__DATASET__
__________________________________________________
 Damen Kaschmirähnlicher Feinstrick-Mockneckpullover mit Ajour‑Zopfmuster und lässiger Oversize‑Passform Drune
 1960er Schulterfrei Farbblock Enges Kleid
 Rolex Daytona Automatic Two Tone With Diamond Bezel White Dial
__________________________________________________
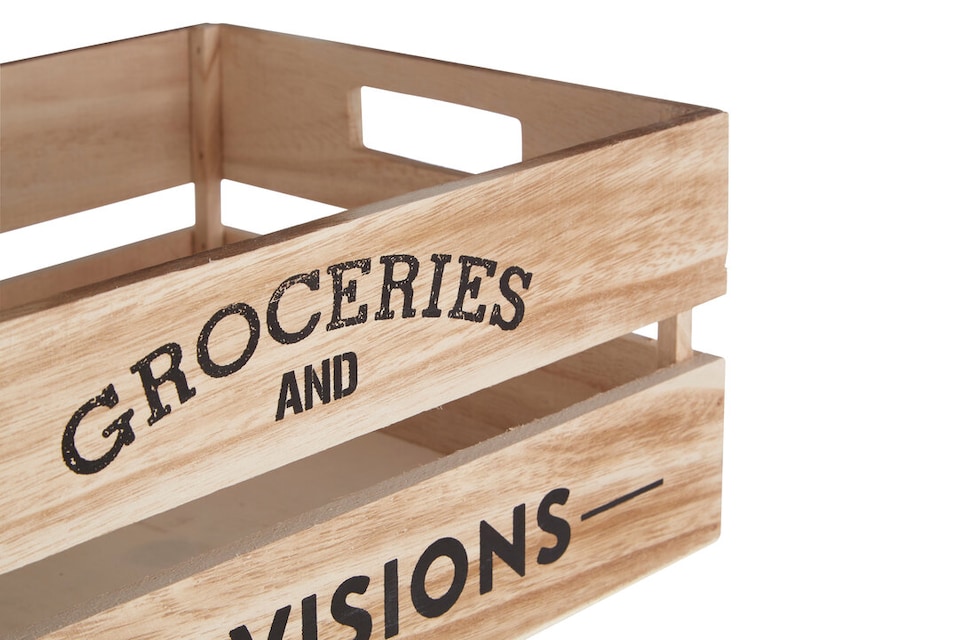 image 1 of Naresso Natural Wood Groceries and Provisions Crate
__________________________________________________
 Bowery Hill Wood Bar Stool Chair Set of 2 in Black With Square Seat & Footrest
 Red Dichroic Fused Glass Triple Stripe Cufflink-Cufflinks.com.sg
__________________________________________________
__WHAT YOU HAVE TO DO__
Only one part of the material above is to be transcribed, namely the lines starting with the line that has "Damen Kaschmirähnlicher Feinstrick-Mockneckpullover" and going on through the line that has "Rolex Daytona Automatic", exactly as they stand.

__RESPONSE TO THE EXERCISE__
 Damen Kaschmirähnlicher Feinstrick-Mockneckpullover mit Ajour‑Zopfmuster und lässiger Oversize‑Passform Drune
 1960er Schulterfrei Farbblock Enges Kleid
 Rolex Daytona Automatic Two Tone With Diamond Bezel White Dial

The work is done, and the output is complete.